Scraped caption text data:
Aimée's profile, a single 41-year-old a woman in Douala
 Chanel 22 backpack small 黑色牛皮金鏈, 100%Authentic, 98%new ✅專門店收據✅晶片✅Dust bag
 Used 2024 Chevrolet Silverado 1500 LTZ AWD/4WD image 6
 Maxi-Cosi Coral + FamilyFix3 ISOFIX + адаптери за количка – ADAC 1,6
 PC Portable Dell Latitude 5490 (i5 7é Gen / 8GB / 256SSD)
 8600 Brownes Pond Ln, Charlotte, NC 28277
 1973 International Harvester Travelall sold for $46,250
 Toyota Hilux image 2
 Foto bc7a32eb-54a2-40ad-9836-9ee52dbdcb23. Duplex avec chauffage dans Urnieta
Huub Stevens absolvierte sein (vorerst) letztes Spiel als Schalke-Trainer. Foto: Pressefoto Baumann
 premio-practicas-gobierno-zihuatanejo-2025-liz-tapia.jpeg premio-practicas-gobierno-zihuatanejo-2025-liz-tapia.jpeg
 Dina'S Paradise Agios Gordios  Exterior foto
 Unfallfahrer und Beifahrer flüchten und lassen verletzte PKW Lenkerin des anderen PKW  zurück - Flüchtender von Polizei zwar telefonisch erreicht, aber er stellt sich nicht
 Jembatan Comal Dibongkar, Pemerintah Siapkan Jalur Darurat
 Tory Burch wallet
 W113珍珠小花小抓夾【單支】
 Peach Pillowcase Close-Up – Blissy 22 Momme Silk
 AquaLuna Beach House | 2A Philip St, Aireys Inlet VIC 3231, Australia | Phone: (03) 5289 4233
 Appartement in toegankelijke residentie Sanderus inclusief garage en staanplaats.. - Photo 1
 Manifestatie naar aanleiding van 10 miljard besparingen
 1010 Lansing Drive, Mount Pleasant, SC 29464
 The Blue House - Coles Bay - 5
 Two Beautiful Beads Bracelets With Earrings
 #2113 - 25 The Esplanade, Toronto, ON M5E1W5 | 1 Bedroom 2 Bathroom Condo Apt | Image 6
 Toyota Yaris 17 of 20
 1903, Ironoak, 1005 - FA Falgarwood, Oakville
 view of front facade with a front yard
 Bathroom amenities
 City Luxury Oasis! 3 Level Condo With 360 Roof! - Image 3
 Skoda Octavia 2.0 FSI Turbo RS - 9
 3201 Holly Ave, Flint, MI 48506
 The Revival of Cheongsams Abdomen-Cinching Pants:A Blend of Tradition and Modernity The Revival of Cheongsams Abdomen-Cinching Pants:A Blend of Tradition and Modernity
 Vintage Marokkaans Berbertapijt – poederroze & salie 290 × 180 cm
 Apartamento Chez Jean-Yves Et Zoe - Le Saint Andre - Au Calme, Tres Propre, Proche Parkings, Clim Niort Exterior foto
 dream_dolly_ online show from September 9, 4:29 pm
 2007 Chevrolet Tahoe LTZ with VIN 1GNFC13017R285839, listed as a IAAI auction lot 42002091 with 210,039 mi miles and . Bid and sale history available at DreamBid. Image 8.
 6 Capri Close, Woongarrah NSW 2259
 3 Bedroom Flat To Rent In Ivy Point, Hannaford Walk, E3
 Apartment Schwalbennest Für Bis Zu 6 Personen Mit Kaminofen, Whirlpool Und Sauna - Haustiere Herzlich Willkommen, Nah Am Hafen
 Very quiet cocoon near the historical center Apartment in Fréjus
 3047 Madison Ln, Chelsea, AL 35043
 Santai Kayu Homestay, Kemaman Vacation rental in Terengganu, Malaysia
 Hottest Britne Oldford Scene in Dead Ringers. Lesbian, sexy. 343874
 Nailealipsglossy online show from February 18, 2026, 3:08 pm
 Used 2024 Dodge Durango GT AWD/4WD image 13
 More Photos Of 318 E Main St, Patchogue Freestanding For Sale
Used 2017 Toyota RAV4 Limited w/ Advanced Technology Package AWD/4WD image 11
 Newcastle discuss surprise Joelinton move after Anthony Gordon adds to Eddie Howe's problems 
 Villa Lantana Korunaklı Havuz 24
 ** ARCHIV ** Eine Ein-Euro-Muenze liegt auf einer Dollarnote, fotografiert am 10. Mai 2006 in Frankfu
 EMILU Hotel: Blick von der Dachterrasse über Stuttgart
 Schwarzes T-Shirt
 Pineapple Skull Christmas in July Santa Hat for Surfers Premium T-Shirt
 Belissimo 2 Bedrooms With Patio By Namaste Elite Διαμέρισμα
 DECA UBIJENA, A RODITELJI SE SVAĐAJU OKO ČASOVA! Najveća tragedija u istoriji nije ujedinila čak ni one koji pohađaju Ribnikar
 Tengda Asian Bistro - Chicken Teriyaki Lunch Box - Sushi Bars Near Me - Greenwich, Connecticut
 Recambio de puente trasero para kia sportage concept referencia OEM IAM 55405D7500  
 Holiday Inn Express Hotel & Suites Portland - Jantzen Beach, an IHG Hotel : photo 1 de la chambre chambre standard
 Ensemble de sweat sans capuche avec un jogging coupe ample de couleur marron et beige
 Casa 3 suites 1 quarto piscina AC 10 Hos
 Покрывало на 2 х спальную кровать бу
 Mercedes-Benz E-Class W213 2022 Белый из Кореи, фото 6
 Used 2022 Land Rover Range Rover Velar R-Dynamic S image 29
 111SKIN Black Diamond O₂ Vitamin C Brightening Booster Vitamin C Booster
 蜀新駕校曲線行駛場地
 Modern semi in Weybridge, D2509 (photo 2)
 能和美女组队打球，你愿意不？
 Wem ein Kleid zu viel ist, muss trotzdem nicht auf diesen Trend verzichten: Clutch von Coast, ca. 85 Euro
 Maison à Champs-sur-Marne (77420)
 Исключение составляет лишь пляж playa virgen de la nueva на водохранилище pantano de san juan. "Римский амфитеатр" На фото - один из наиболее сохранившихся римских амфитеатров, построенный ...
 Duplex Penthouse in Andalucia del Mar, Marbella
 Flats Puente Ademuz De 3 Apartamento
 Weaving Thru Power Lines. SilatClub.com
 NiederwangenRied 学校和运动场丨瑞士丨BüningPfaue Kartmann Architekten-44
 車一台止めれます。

- **EXERCISE**:
Taking the entries above, restate exactly those lines that fall between the line with "Used 2017 Toyota" and the line with "Belissimo 2 Bedrooms", keeping both of those lines too.

- **THE COMPLETED TASK**:
Used 2017 Toyota RAV4 Limited w/ Advanced Technology Package AWD/4WD image 11
 Newcastle discuss surprise Joelinton move after Anthony Gordon adds to Eddie Howe's problems 
 Villa Lantana Korunaklı Havuz 24
 ** ARCHIV ** Eine Ein-Euro-Muenze liegt auf einer Dollarnote, fotografiert am 10. Mai 2006 in Frankfu
 EMILU Hotel: Blick von der Dachterrasse über Stuttgart
 Schwarzes T-Shirt
 Pineapple Skull Christmas in July Santa Hat for Surfers Premium T-Shirt
 Belissimo 2 Bedrooms With Patio By Namaste Elite Διαμέρισμα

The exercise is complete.